Double-Entry Ledger: Trust Through Accounting
The payment system was the most critical piece. When you’re processing millions of dollars in class-action settlements, every cent must be accounted for. We implemented a double-entry ledger in Go:
type LedgerEntry struct {
ID uuid.UUID
DebitAcct string
CreditAcct string
Amount int64 // cents
Currency string
Reference string
CreatedAt time.Time
}
func (s *Service) Transfer(ctx context.Context, from, to string, amount int64) error {
tx, err := s.db.BeginTx(ctx, nil)
if err != nil {
return fmt.Errorf("begin tx: %w", err)
}
defer tx.Rollback()
entry := LedgerEntry{
ID: uuid.New(),
DebitAcct: from,
CreditAcct: to,
Amount: amount,
Currency: "USD",
CreatedAt: time.Now().UTC(),
}
if err := s.insertEntry(ctx, tx, entry); err != nil {
return fmt.Errorf("insert entry: %w", err)
}
return tx.Commit()
}
Every transaction creates two entries—a debit and a credit. The sum of all entries must always be zero. This invariant caught bugs before they became financial errors.
From Airtable to Aurora
The migration path looked like this:
- Dual-write phase: New records go to both Airtable and Aurora
- Backfill: Migrate all historical records with checksums
- Validation: Run parallel reads and compare results for a week
- Cutover: Switch reads to Aurora, keep Airtable as backup
- Cleanup: Decommission Airtable sync after 30 days
The key insight: never do a big-bang migration. Every step should be independently reversible.
Lessons Learned
- Start with the invariants. Before writing any code, define what must always be true. For us: every dollar in must equal every dollar out.

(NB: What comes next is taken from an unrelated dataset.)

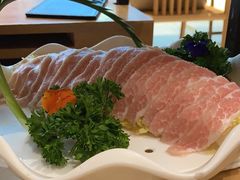 -湯系·煲汤手艺人(东二环泰禾广场店)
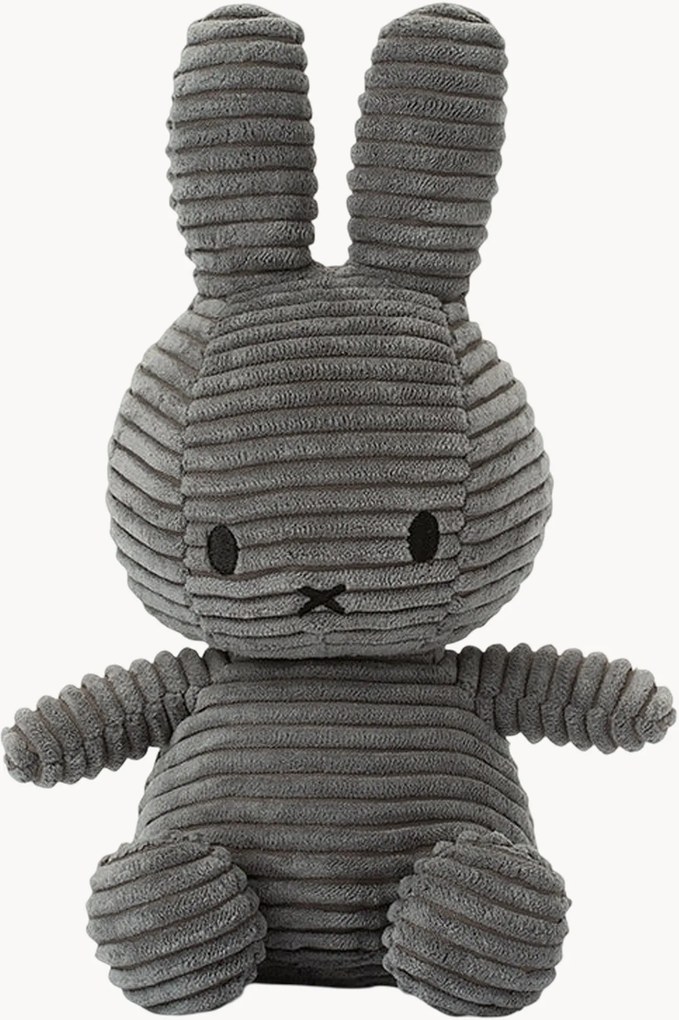 Plyšová hračka Miffy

- Instrument everything. We logged every state transition. When something went wrong at 2 AM, the logs told the whole story.
- Design for the rollback. Every deployment should be reversible. If it can’t be rolled back, it needs more planning.
- Boring technology wins. PostgreSQL, Go, and Terraform aren’t exciting. They’re reliable. That’s what matters when you’re handling other people’s money.
What’s Next
I’m now exploring distributed systems patterns—specifically fan-out messaging with RabbitMQ and event sourcing. The principles are the same: make the happy path simple, make failures visible, and always have a way back.